-- Task goal --
Look in the listing below for the line that has "Стиральная машина Bosch", then return it and each following line up to and including the one with "Контроллер Wi-Fi для", exactly and without pictures.

-- Stored data --

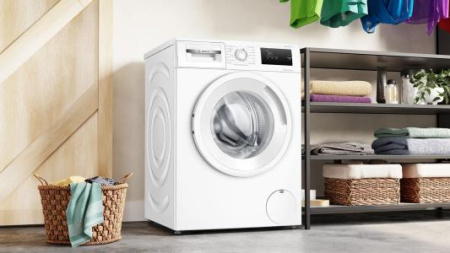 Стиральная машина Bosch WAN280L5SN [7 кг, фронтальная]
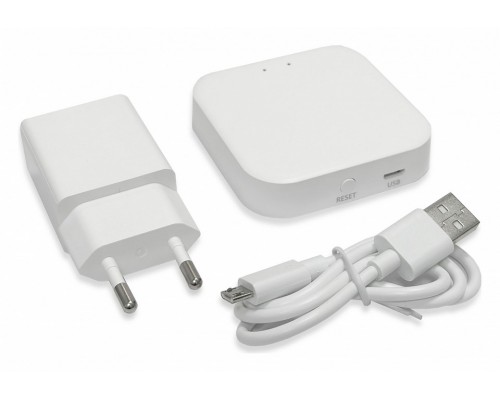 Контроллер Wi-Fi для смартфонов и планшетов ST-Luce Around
==
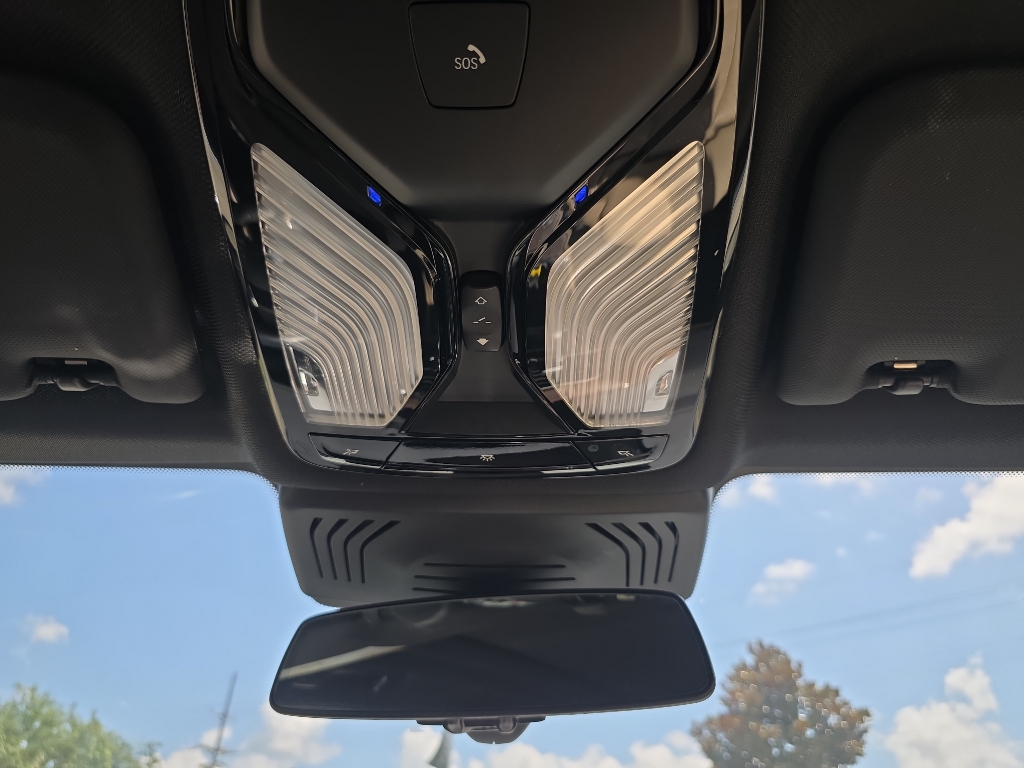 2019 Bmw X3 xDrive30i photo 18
* * *
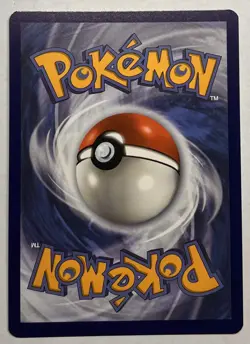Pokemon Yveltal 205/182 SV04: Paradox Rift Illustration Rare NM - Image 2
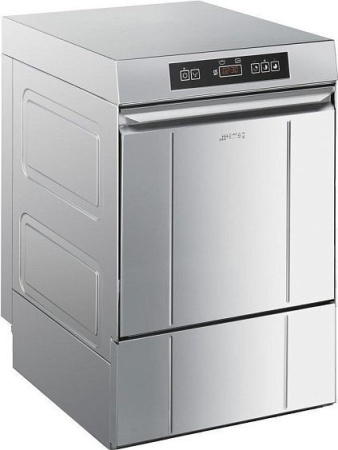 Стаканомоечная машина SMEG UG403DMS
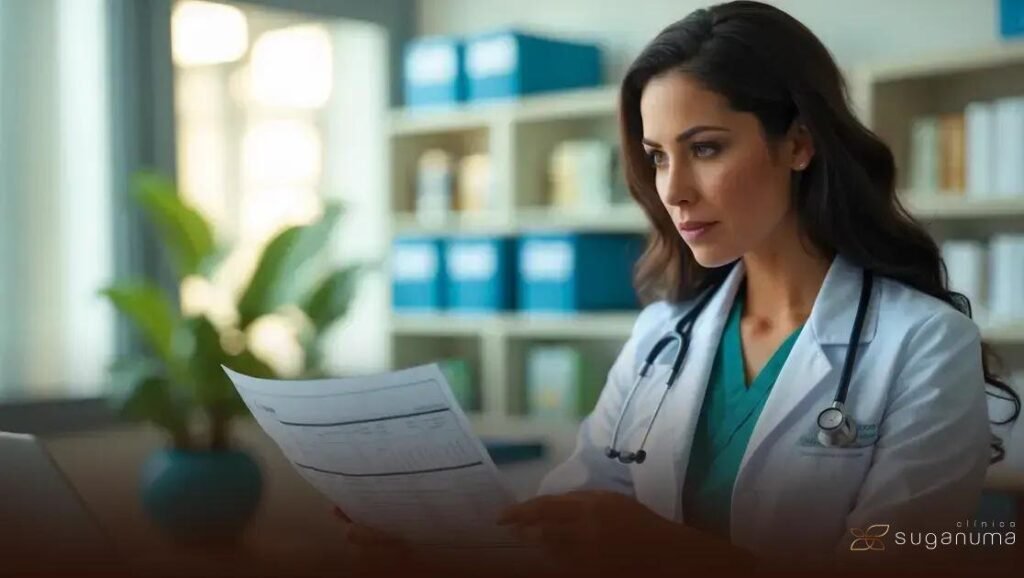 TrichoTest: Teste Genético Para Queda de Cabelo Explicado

-- Task output --
 Стиральная машина Bosch WAN280L5SN [7 кг, фронтальная]
 Контроллер Wi-Fi для смартфонов и планшетов ST-Luce Around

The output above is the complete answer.